### PROBLEM DETAILS:
The data below holds a line containing "重构Title：坤吧登上欧派，来战吧！" and a line containing "靠抖音手游天下-贰时代，几分"; please quote exactly those two lines and every line between them, and nothing else.

### DATA SHOWN:
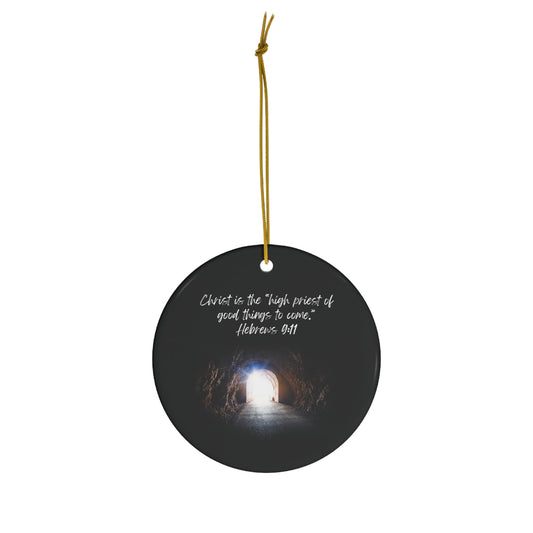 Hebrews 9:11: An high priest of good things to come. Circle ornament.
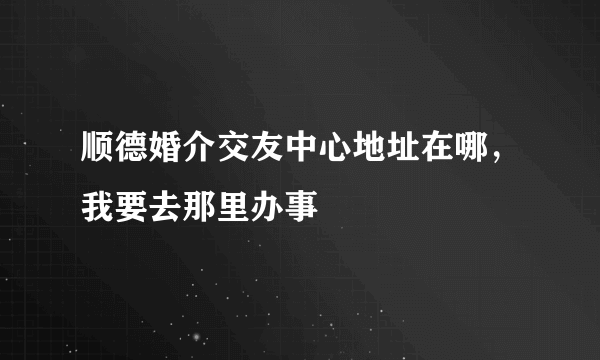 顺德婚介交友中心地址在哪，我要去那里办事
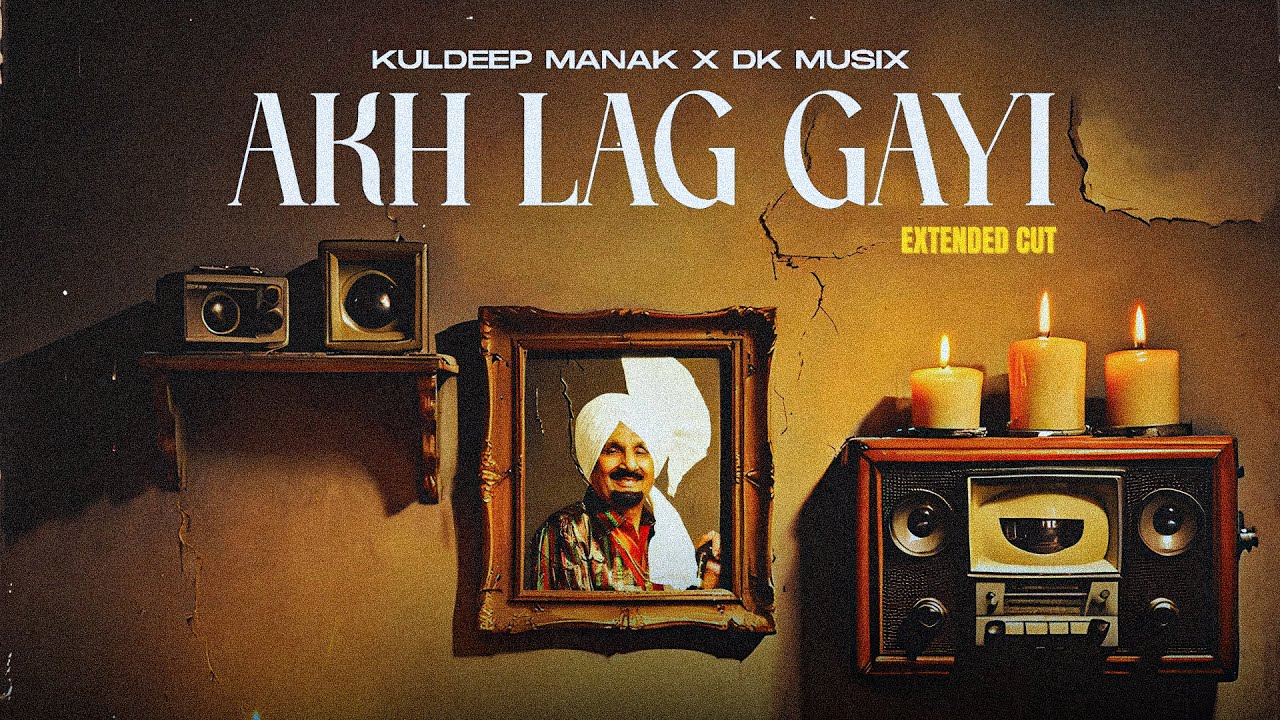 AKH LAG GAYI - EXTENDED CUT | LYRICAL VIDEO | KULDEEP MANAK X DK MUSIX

---

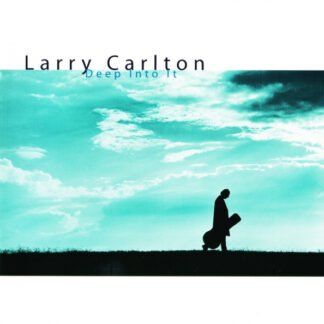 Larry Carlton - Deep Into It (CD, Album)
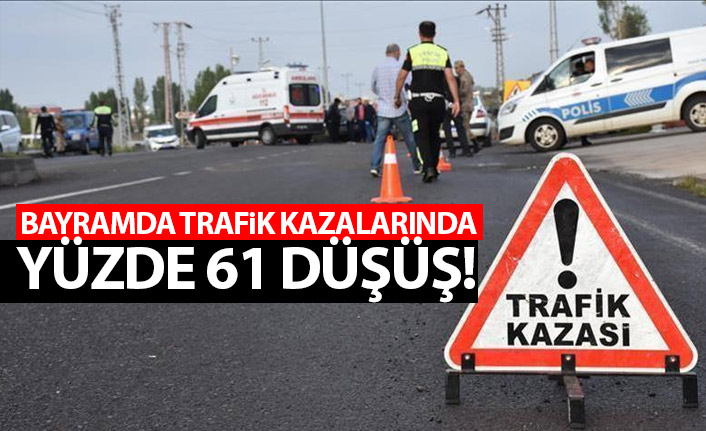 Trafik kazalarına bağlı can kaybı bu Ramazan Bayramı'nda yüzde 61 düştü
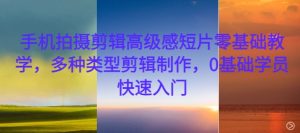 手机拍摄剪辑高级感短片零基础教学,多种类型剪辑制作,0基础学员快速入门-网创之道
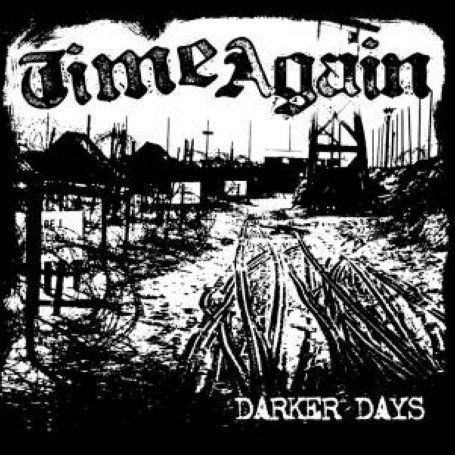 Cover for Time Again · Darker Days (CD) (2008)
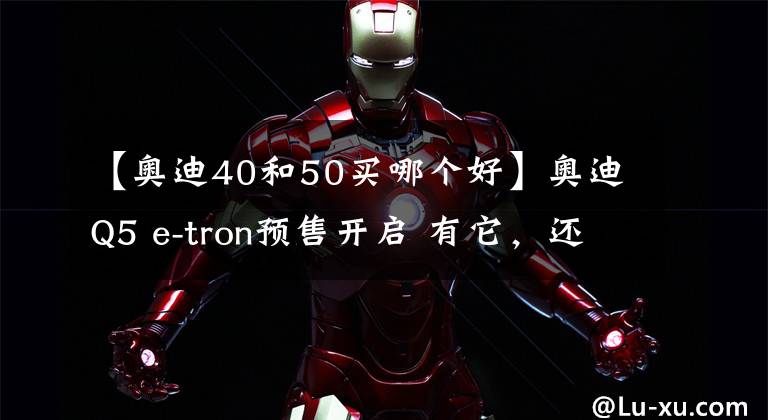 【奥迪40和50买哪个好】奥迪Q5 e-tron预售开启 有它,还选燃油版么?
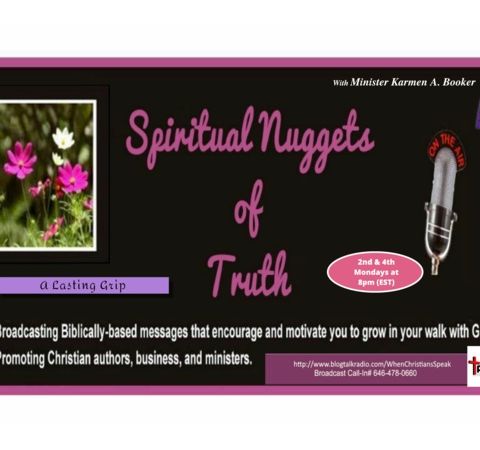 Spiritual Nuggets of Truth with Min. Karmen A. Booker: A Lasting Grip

---

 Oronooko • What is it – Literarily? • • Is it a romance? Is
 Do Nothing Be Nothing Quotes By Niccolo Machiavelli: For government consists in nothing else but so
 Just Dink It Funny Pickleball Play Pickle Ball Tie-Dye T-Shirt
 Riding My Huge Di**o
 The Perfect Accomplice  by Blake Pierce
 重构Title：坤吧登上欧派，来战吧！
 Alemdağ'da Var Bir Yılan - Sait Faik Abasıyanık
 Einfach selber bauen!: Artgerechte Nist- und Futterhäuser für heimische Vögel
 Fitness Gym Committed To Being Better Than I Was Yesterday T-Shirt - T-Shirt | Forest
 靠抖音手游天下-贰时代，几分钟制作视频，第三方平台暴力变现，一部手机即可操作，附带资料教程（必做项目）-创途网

### RESULT OF THIS TASK:
 重构Title：坤吧登上欧派，来战吧！
 Alemdağ'da Var Bir Yılan - Sait Faik Abasıyanık
 Einfach selber bauen!: Artgerechte Nist- und Futterhäuser für heimische Vögel
 Fitness Gym Committed To Being Better Than I Was Yesterday T-Shirt - T-Shirt | Forest
 靠抖音手游天下-贰时代，几分钟制作视频，第三方平台暴力变现，一部手机即可操作，附带资料教程（必做项目）-创途网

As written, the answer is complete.